August 11, 2008: Ladycairn to Inverness
The way was now open for the completion of the final section of the Great Glen Way. I had to admit that in spite of the midges and the leg problems (ones that would continue to bedevil me for weeks) this had been one of our most successful outings and I was sorry, in many ways, that it was coming to an end.
We said goodbye to the Urquharts, who had been outstanding hosts, at about 9:40 – when George arrived to pick us (and our bags) up for the last time. He made one other stop in town, retrieving a couple who were a day behind us and therefore were walking south from Blackfold while we were walking north from Ladycairn. It was a cloudy bright day, with some evidence of sun, and a fresh breeze.
We were able to start our walk at about 10:10, using the highway again, with only the occasional car to slow our progress.
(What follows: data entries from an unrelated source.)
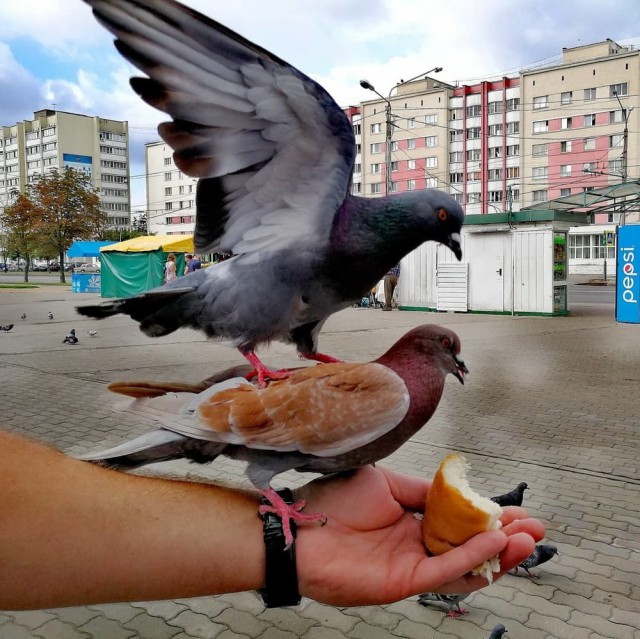 Живность из сети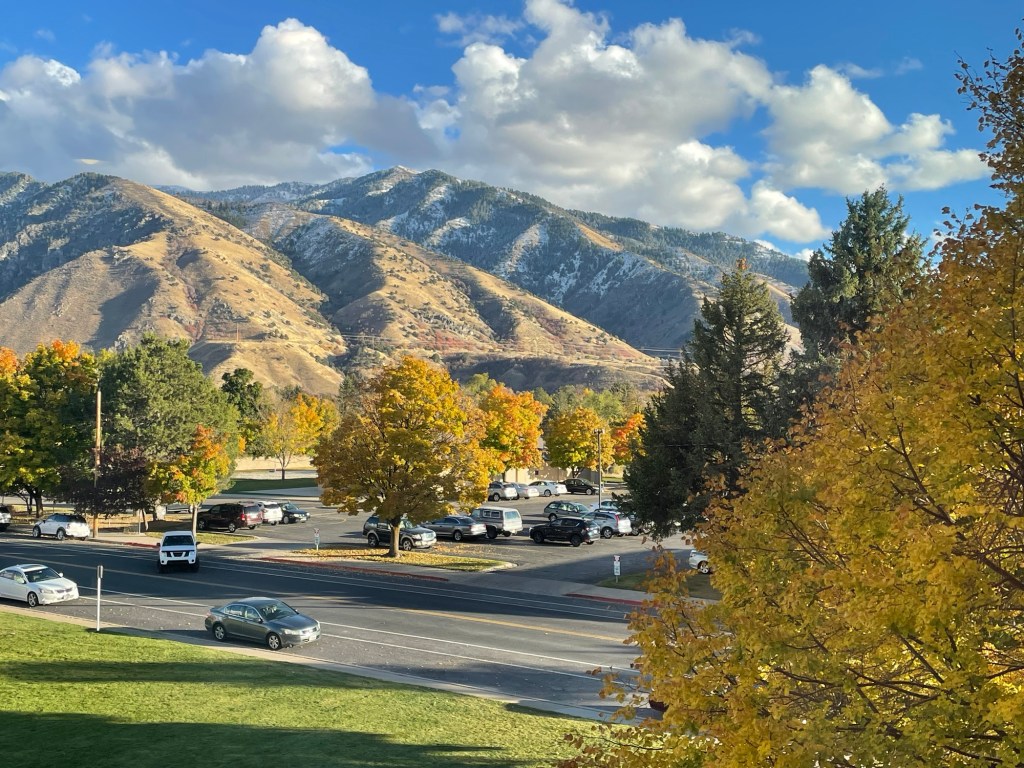 10/30/24- Day 42 – Frost-Coated Land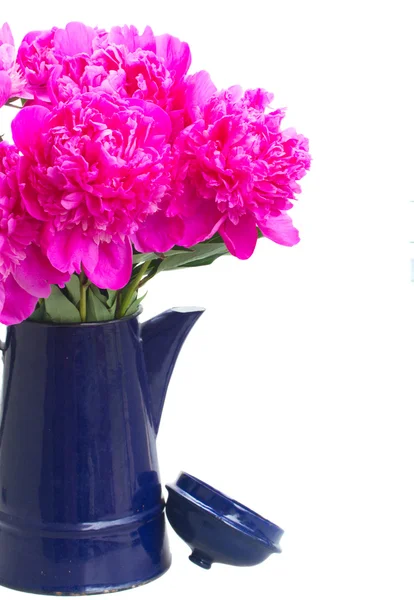 Bright pink peony flowers — Stock Photo, Image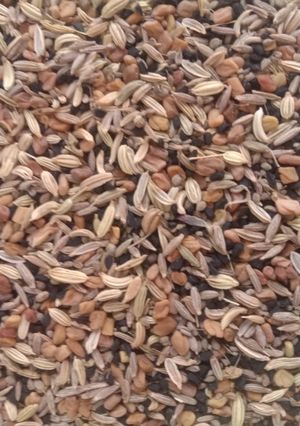 পাঁচফোড়ন মশলা(panchforon masala recipe in Bengali) রেসিপির প্রধান ছবি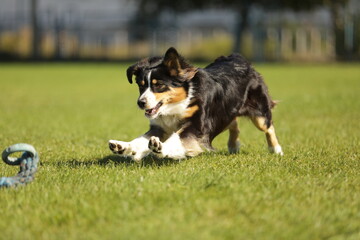 border collie playing with ball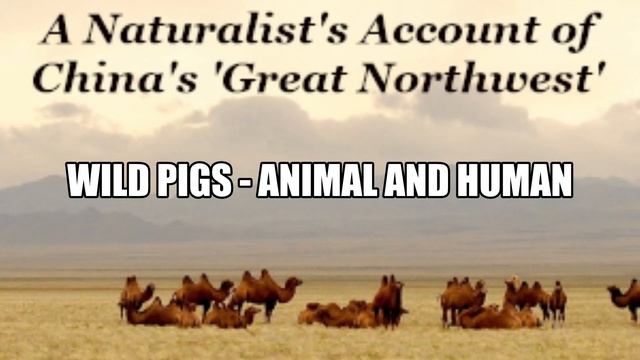 Across Mongolian Plains by Roy Chapman Andrews 18 Full Audiobook смотреть онлайн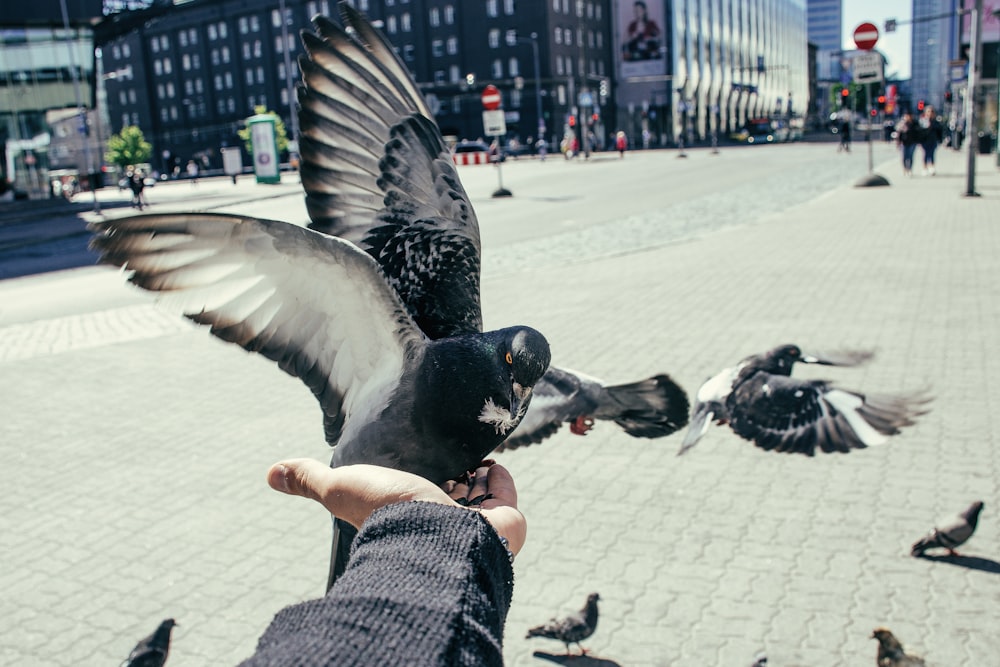 grey pigeon lands on person's hand for food at the park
We were rising on a gentle gradient but after a while we discovered a new variation in the route, our own gravel path – one that paralleled the road along the line of an old fence (something about deer culling and reforestation necessitating this change). Views were outstanding here and heathery moorland was still predominant. After a mile and a half we met George’s other passengers, crossing our path, and we asked them to take our photo – since there were no shots in either camera of the two of us together. The couple turned out to be from Luxembourg; we wished them well on the rest of the walk and resumed our northerly trod.
We soon entered a patchy forest, spotting a black grouse who was active among the bushes on our left. It now became obvious that this diversion would not drop down to the road at Blackfold, though it came close, and instead we continued in a north-easterly direction among the trees on a very level surface – an old drove road. On our right for several miles we had a stone fence surmounted by barbed wire and this proved to be a wonderful environment for wild flowers and mushrooms. Cyclists were thundering up behind us as we spotted an arm of Beauly Firth on our left – about as close as we would get to the North Sea itself.
We passed a ruin and walked beneath some power lines and began to look for a place to have some lunch. Gavan located two boulders on either side of the path and here we perched, free of midges for once. When I got up to have a forest pee at the end of this session I discovered a deceased mole lying on his back in the leaves. A brief shower lead to the donning of rain jackets – but we had no more moisture on this day.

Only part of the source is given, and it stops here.